It depends on what the bowler wants to do, We can guess/pre-medicate what the bowler is going to do by the field he set for you and what the situation of the game is.
For example if you consider a test match cricket where a right arm fast bowler comes round the stump for a right hand batsman, has a short leg and leg slip and a square leg, that mean the bowler is going to bowl short and into you ribcage expecting you to play the ball, if you open your stance you are setting up to play the ball which is what the bowler wanted to, you playing at athe ball instead of leaving or ducking.
When you consider the modern day format like T20, a right arm fast bowler comes around to right hand batsmen, to cramp the batsmen for the space he can create when the ball is coming into him, and if the batsmen want to open up his stance to a more open body approach he'll only give the bowler more advantage as the bowler can hit more area of his pads and has a greater advantage to getting him out LBW or Bowled.

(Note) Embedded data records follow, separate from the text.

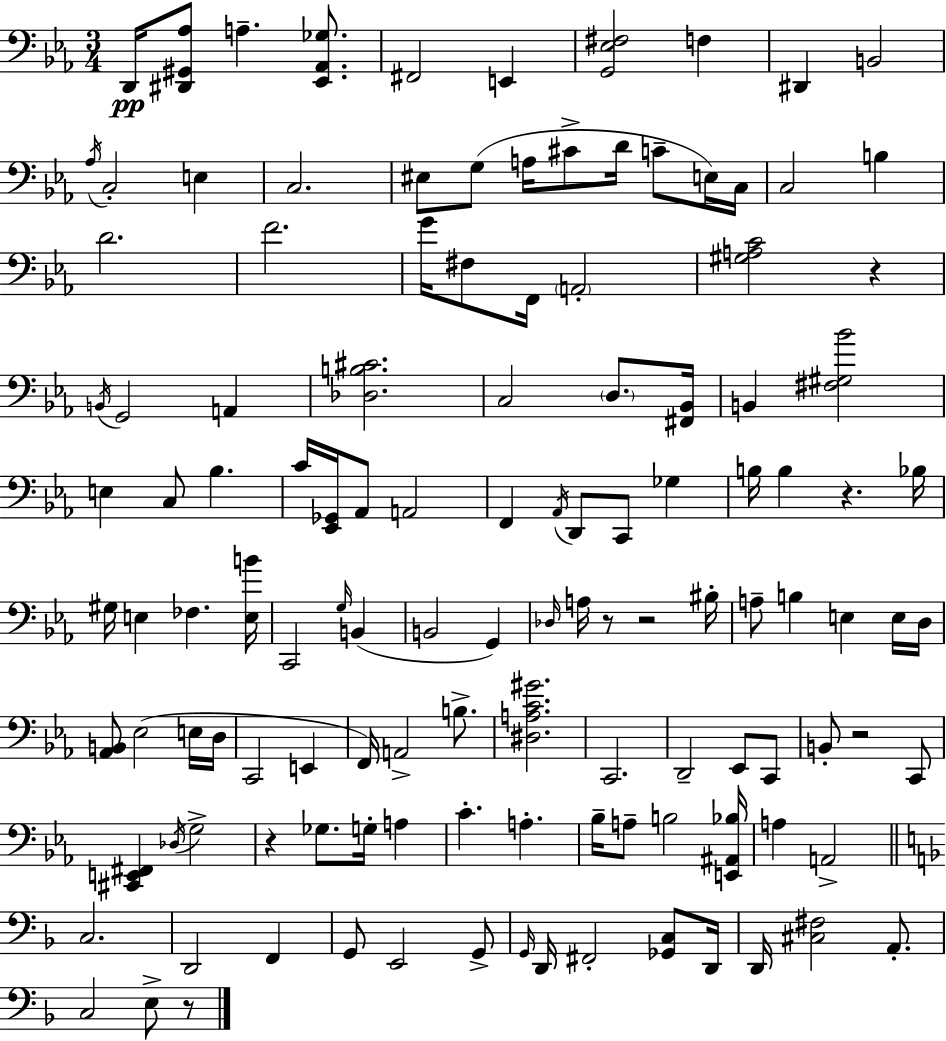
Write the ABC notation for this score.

X:1
T:Untitled
M:3/4
L:1/4
K:Eb
D,,/4 [^D,,^G,,_A,]/2 A, [_E,,_A,,_G,]/2 ^F,,2 E,, [G,,_E,^F,]2 F, ^D,, B,,2 _A,/4 C,2 E, C,2 ^E,/2 G,/2 A,/4 ^C/2 D/4 C/2 E,/4 C,/4 C,2 B, D2 F2 G/4 ^F,/2 F,,/4 A,,2 [^G,A,C]2 z B,,/4 G,,2 A,, [_D,B,^C]2 C,2 D,/2 [^F,,_B,,]/4 B,, [^F,^G,_B]2 E, C,/2 _B, C/4 [_E,,_G,,]/4 _A,,/2 A,,2 F,, _A,,/4 D,,/2 C,,/2 _G, B,/4 B, z _B,/4 ^G,/4 E, _F, [E,B]/4 C,,2 G,/4 B,, B,,2 G,, _D,/4 A,/4 z/2 z2 ^B,/4 A,/2 B, E, E,/4 D,/4 [_A,,B,,]/2 _E,2 E,/4 D,/4 C,,2 E,, F,,/4 A,,2 B,/2 [^D,A,C^G]2 C,,2 D,,2 _E,,/2 C,,/2 B,,/2 z2 C,,/2 [^C,,E,,^F,,] _D,/4 G,2 z _G,/2 G,/4 A, C A, _B,/4 A,/2 B,2 [E,,^A,,_B,]/4 A, A,,2 C,2 D,,2 F,, G,,/2 E,,2 G,,/2 G,,/4 D,,/4 ^F,,2 [_G,,C,]/2 D,,/4 D,,/4 [^C,^F,]2 A,,/2 C,2 E,/2 z/2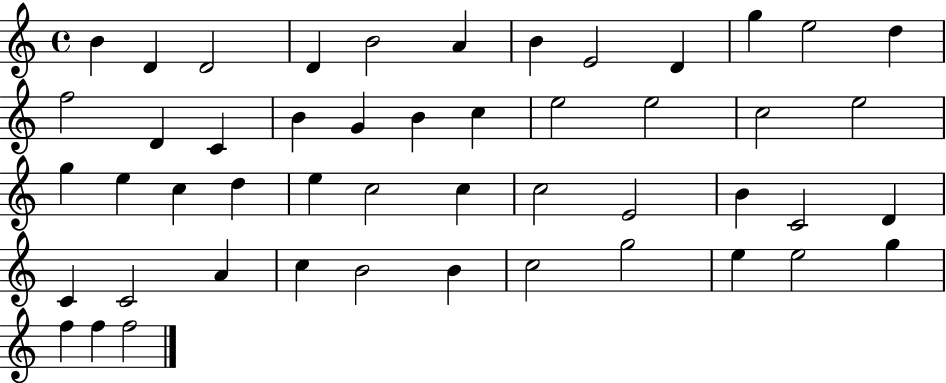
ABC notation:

X:1
T:Untitled
M:4/4
L:1/4
K:C
B D D2 D B2 A B E2 D g e2 d f2 D C B G B c e2 e2 c2 e2 g e c d e c2 c c2 E2 B C2 D C C2 A c B2 B c2 g2 e e2 g f f f2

Not only that opening up the stance mean you going out your natural way to counter the bowler. which your not used to that much, and have greater chance of committing a mistake, also you are not likely to score runs on the off side of the wicket if you open your stance as it is hard to play when your body weight is on the legside of the wicket
So that is why most of batsmen doesn’t prefer to change there stance if the bowler comes around the stump to distract/put him off guard.